I remember when Harold Brown was Jimmy Carter’s defense secretary. Heck, I remember when Bob McNamara was JFK’s defense secretary, so let me rephrase that: I covered Harold Brown as Jimmy Carter’s defense secretary.
There’s been a flurry of reports over the last couple of days about how the shift of Leon Panetta from the CIA to the Pentagon blurs the lines between spying and soldiering. “President Obama’s decision to send an intelligence chief to the Pentagon and a four-star general to the Central Intelligence Agency is the latest evidence of a significant shift over the past decade in how the United States fights its battles — the blurring of lines between soldiers and spies in secret American missions abroad,” the New York Times reported Thursday.
They need Paul Harvey to note the rest of the story: Panetta will be succeeding Robert Gates, who spent his entire professional career – 26 years, compared to Panetta’s two years and three months – at the CIA. Panetta’s a politician and an academic — not a spy-master. And, back in 1973, James Schlesinger moved from running the CIA to managing the Pentagon.
And as for a military officer being tapped to run the CIA? Been there, done that:
— Roscoe Hillenkoetter, 1947–1950, a Navy admiral, actually returned to the fleet following his CIA tour.
— Walter Bedell Smith, 1950-1953, an Army officer for 42 years, including his time running the CIA.
— Former Navy admiral William Raborn, 1965–1966, served an unhappy 14 months as CIA chief.
— Stansfield Turner 1977–1981, served part of his tour as CIA chief as an active-duty admiral in the Administration of his Naval Academy classmate, Jimmy Carter.
— Michael Hayden, 2006–2009, served part of his CIA stint as a four-star Air Force general.

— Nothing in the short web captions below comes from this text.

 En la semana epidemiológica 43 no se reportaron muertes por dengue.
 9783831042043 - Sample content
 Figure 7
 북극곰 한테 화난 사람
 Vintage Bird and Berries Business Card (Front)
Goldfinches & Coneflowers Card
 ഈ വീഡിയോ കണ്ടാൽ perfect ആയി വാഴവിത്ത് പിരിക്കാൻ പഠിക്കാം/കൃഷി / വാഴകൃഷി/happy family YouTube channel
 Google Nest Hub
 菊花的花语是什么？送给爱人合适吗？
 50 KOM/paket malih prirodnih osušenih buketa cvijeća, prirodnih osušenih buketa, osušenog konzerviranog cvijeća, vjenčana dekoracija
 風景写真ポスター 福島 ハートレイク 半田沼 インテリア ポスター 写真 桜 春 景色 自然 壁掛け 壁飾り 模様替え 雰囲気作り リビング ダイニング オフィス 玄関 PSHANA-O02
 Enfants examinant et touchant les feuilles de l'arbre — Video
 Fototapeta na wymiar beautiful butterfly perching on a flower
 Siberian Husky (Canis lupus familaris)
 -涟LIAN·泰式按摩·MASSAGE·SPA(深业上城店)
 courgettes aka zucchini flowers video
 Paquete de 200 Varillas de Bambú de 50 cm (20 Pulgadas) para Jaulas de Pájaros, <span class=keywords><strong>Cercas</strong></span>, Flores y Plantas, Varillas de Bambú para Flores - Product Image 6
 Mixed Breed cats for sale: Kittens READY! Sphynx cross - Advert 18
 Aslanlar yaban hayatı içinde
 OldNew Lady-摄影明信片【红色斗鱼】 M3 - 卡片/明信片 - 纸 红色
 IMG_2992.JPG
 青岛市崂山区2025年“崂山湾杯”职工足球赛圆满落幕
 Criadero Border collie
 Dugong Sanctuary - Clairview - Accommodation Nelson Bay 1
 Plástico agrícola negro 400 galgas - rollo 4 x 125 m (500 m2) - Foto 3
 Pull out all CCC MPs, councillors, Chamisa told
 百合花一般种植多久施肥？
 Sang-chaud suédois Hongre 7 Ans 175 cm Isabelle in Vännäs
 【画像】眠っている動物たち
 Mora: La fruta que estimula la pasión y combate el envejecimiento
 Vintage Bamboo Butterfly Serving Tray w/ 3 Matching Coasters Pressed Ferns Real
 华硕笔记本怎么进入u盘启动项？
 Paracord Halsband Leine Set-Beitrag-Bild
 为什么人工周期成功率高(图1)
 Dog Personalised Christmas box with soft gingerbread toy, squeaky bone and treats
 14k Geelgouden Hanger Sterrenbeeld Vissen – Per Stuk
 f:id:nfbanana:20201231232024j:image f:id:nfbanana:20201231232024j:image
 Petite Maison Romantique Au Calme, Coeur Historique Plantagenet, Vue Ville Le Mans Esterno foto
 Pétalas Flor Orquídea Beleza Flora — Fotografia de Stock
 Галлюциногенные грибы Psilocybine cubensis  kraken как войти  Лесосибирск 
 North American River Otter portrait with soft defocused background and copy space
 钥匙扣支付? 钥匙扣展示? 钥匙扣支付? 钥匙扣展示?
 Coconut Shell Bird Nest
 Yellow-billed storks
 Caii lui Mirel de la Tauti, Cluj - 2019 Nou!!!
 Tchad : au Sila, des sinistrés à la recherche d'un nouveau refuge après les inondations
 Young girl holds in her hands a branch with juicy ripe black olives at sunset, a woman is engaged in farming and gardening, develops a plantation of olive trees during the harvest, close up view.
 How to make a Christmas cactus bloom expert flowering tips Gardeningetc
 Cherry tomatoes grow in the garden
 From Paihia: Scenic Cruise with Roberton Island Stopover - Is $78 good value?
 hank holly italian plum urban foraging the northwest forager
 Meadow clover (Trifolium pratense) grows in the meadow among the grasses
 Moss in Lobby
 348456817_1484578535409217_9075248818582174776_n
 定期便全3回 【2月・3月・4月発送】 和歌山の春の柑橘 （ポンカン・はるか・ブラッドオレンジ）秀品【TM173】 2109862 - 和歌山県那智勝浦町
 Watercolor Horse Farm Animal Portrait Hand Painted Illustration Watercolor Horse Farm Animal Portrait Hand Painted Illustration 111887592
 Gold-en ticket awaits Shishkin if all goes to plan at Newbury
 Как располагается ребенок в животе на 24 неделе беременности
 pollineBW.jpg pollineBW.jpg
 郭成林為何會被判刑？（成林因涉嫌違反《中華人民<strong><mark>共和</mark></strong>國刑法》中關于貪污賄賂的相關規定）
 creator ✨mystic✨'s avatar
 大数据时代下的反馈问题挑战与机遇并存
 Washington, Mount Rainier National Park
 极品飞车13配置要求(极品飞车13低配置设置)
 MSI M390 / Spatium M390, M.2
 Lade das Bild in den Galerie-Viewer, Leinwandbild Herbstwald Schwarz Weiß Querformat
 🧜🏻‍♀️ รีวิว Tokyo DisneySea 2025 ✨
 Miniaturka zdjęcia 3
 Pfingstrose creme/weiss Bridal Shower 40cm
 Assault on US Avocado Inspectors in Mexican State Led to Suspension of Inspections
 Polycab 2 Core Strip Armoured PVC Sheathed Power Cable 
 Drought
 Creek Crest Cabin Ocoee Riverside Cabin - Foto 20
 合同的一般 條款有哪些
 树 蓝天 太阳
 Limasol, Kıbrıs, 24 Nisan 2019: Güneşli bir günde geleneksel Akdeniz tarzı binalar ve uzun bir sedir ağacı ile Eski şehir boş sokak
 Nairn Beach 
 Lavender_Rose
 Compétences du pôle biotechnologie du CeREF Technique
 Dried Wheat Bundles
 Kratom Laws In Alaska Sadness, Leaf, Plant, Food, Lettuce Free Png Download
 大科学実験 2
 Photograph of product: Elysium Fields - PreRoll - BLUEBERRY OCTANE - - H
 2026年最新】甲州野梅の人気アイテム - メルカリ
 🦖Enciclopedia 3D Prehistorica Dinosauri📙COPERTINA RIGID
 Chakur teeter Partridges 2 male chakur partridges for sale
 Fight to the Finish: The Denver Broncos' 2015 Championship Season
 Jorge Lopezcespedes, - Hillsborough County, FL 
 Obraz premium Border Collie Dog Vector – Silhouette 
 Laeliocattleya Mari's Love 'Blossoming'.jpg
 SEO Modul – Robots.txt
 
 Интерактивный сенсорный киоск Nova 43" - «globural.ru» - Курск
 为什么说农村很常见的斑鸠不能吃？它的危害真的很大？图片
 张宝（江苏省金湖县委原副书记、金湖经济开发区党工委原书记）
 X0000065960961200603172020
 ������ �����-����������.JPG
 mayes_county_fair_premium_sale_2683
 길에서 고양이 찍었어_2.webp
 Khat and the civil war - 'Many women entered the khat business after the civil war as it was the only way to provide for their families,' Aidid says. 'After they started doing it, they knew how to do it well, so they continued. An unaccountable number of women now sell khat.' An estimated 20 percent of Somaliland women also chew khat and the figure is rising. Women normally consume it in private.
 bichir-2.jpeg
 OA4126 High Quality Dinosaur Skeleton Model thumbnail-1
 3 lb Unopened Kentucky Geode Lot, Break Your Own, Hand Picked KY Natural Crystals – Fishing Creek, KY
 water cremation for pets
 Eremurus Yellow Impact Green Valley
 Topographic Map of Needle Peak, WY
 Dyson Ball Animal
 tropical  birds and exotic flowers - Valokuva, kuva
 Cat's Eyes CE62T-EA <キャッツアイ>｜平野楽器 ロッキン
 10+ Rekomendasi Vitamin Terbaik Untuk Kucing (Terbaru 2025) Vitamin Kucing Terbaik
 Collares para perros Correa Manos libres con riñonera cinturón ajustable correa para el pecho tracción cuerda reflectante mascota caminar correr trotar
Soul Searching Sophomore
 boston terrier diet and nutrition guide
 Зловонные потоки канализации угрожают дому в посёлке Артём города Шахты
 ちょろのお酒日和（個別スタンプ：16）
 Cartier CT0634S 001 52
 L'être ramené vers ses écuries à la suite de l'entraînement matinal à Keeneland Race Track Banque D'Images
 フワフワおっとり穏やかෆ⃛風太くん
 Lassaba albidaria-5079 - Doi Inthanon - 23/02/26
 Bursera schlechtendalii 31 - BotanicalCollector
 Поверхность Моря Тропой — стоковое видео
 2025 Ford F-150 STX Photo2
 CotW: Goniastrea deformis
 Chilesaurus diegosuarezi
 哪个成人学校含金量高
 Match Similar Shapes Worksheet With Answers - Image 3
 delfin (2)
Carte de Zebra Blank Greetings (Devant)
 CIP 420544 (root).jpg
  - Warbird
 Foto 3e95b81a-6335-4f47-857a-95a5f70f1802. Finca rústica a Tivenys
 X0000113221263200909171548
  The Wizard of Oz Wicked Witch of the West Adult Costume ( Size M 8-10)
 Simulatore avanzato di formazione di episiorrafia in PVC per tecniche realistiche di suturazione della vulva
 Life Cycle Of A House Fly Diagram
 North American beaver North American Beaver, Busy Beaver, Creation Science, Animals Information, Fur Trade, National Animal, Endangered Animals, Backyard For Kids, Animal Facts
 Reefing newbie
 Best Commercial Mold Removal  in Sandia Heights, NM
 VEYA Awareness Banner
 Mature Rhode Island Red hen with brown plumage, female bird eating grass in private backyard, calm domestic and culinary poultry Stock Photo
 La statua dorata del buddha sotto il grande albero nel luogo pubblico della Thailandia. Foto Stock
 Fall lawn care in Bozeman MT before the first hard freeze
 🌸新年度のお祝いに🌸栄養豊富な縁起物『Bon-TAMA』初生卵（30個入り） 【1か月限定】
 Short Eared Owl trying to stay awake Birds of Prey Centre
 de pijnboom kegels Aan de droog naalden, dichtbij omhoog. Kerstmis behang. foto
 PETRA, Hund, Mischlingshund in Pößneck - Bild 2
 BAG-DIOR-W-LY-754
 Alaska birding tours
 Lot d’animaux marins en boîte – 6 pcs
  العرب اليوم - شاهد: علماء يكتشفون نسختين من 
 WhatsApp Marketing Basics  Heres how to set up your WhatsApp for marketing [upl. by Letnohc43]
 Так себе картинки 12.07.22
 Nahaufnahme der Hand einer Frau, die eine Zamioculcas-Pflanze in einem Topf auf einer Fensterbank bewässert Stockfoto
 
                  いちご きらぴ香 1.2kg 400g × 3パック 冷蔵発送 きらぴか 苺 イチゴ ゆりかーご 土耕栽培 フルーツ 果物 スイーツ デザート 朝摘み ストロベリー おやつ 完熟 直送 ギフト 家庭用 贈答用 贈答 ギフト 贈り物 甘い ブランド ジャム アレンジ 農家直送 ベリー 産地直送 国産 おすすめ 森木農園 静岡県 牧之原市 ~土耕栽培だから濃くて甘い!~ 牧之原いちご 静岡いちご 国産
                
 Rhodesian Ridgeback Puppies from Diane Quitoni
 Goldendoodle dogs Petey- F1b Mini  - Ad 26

Running the CIA – or the Pentagon, for that matter – is a lot like being skipper of an aircraft carrier (note that three of the five CIA chiefs who came from the military were Navy officers). Both national-security institutions have so much mass, and so much momentum, that the guy in charge is like the sailor who puts his hand in water as his warship steams along and thinks he’s steering.
The press is good at focusing on today’s news, and overdrawing conclusions about what it means. “Simplify, then exaggerate,” goes the line. But big changes in these kinds of behemoths can only come from the top. Christopher Preble of the libertarian Cato Institute had it about right the other day when speaking of the chance of change inside the Pentagon, and its missions, given Panetta’s nomination to run the joint. “In all likelihood,” he noted, “such a change must be directed from the Oval Office, not the Pentagon.” That’s not a likelihood, it’s a requirement.